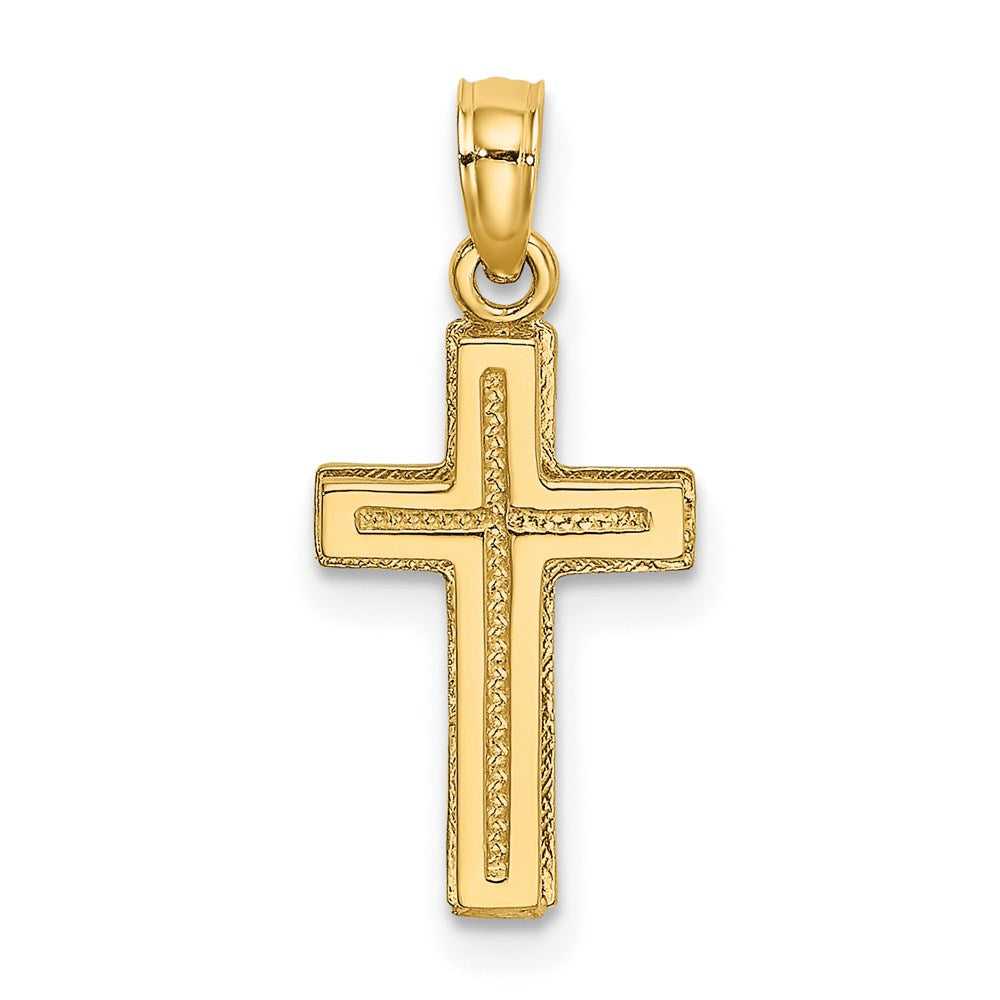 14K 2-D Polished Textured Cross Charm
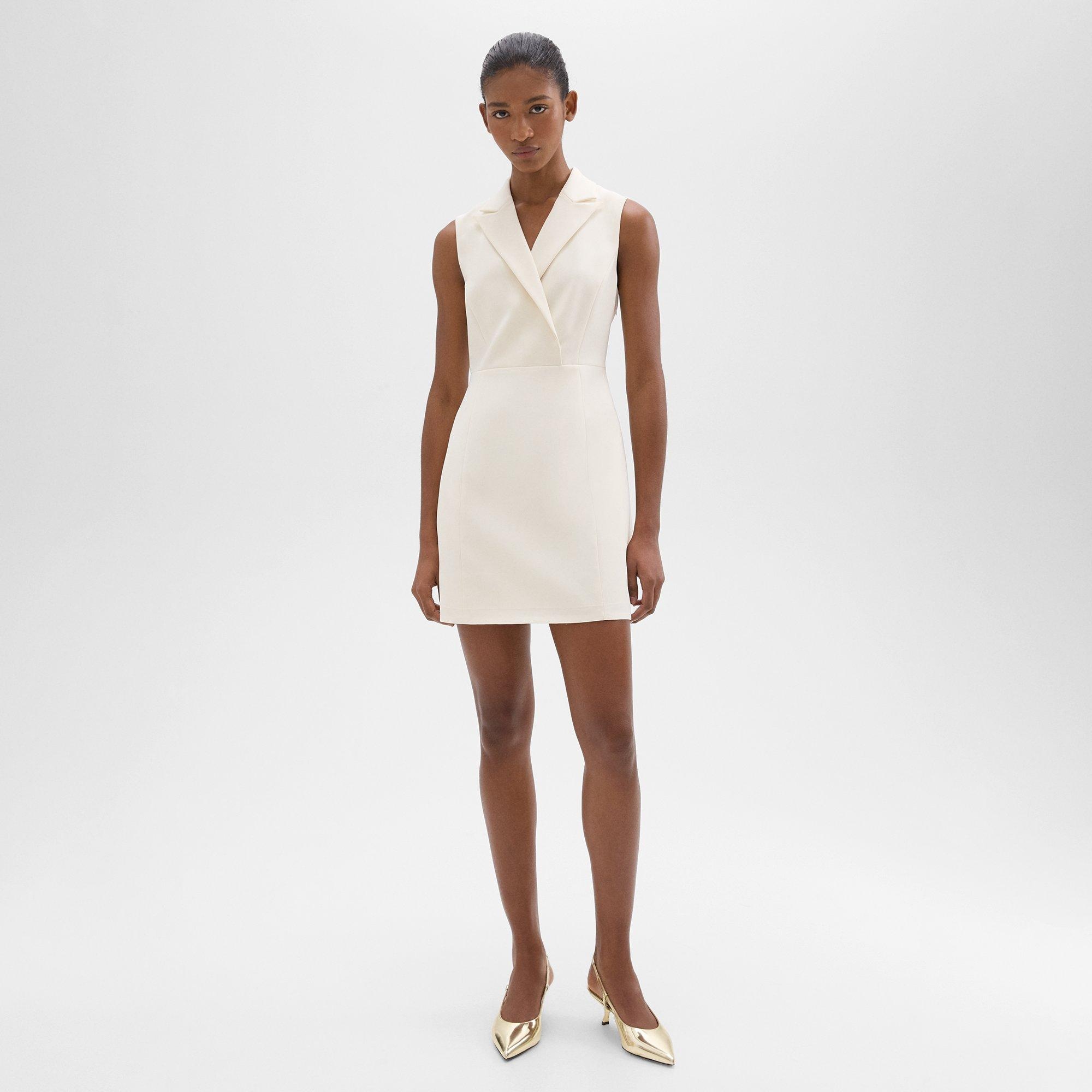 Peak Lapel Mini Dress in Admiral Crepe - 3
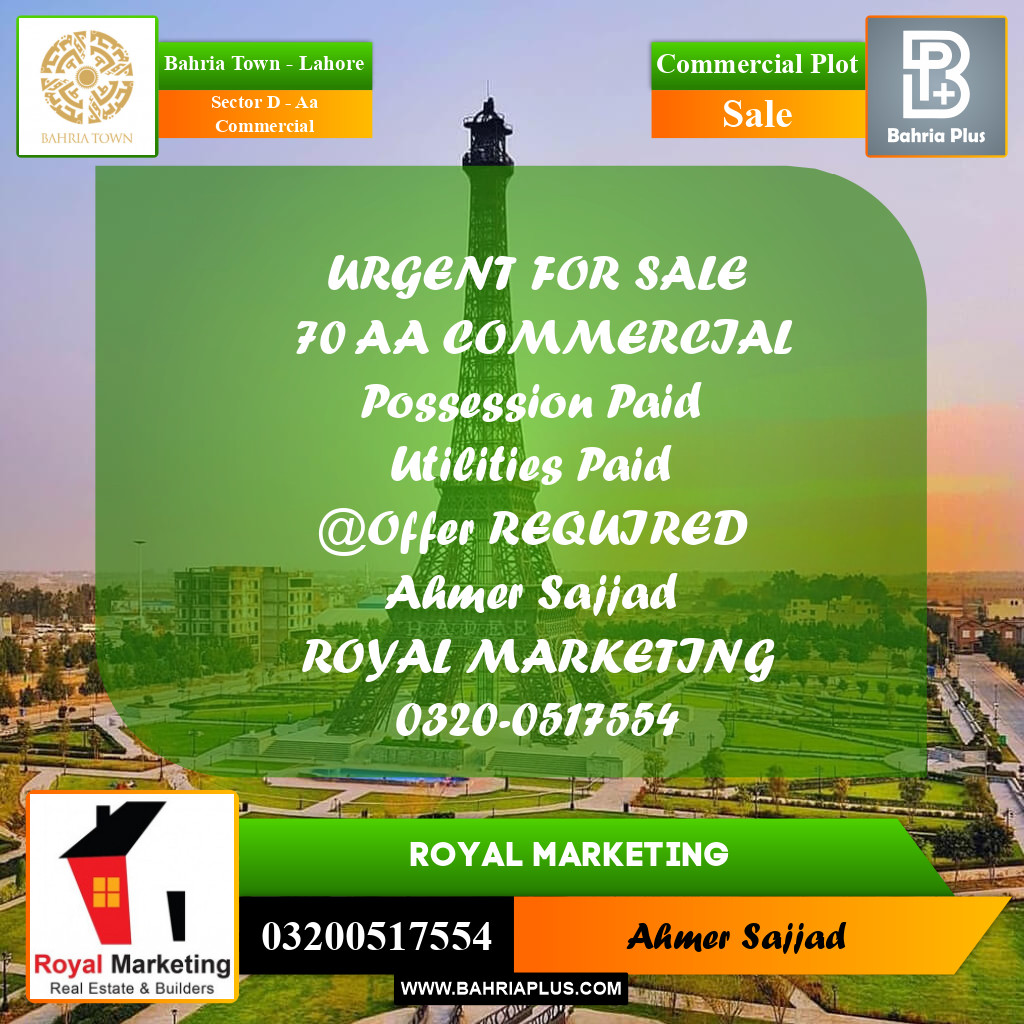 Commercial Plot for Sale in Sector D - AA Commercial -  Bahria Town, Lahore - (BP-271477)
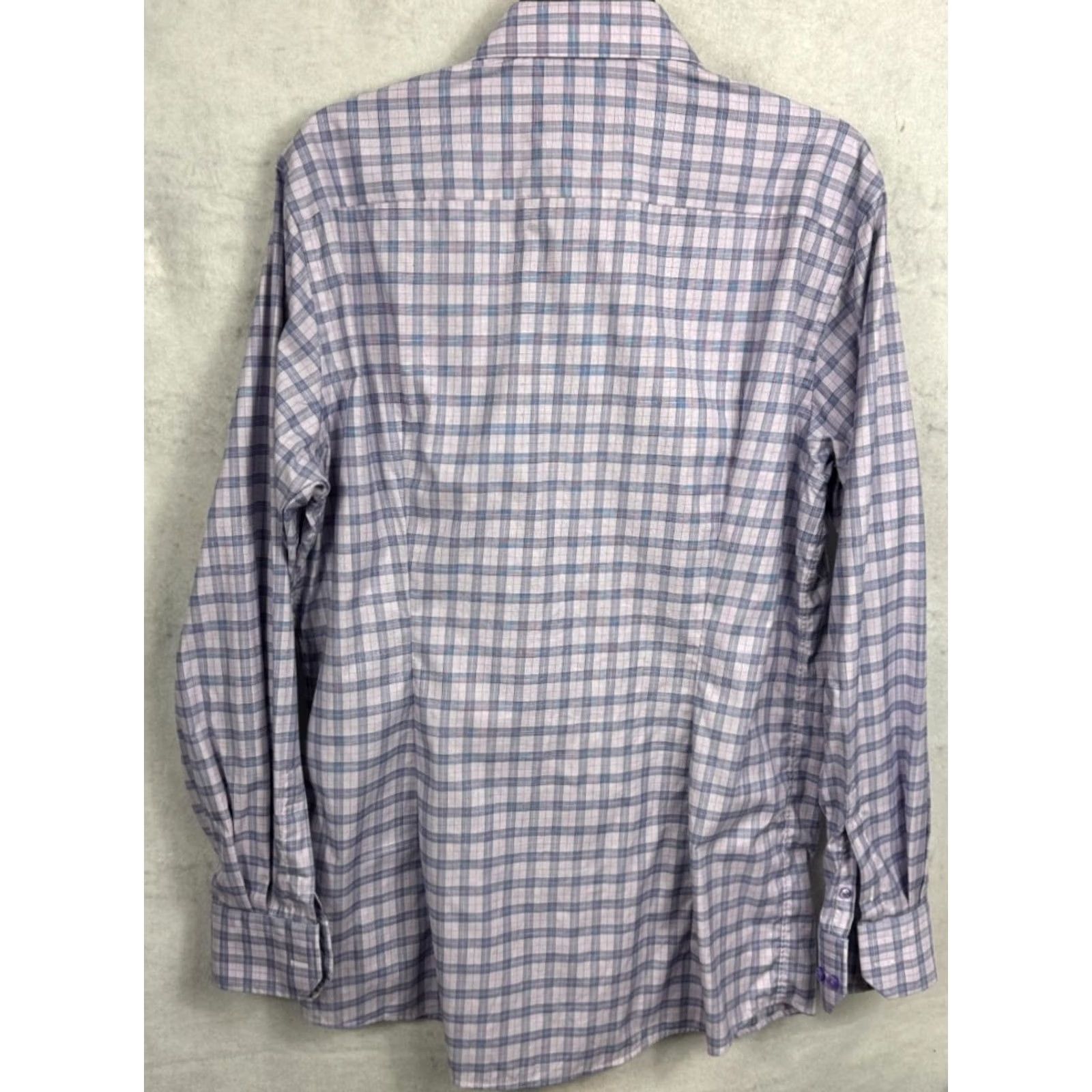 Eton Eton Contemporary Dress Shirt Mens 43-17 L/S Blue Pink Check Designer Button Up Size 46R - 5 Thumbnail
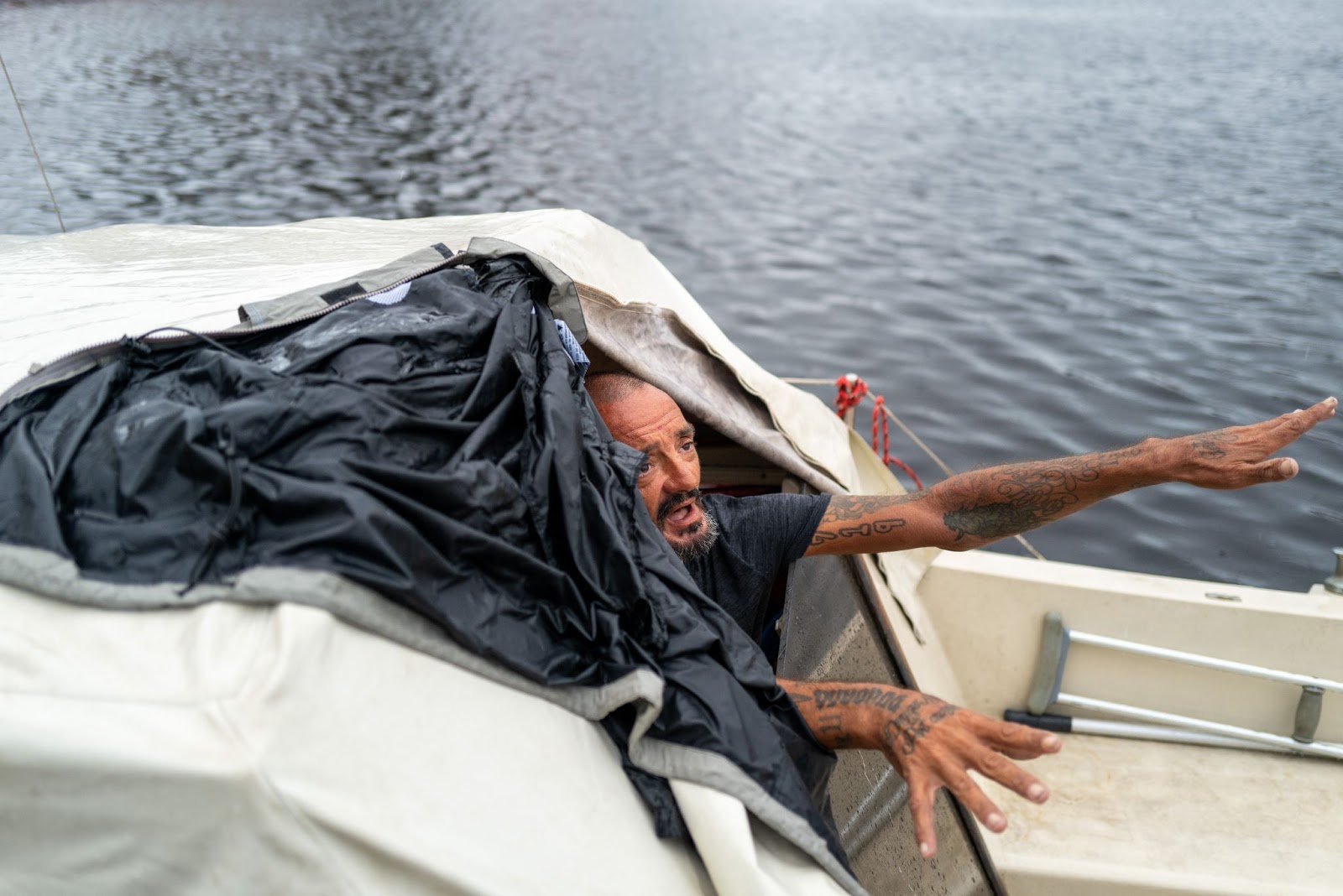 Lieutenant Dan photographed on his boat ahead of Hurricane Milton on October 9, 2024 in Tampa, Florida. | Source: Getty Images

### Try it
Set down the lines of the records above exactly, apart from the pictures.

### Exercise response
 14K 2-D Polished Textured Cross Charm
 Peak Lapel Mini Dress in Admiral Crepe - 3
 Commercial Plot for Sale in Sector D - AA Commercial -  Bahria Town, Lahore - (BP-271477)
 Eton Eton Contemporary Dress Shirt Mens 43-17 L/S Blue Pink Check Designer Button Up Size 46R - 5 Thumbnail
 Lieutenant Dan photographed on his boat ahead of Hurricane Milton on October 9, 2024 in Tampa, Florida. | Source: Getty Images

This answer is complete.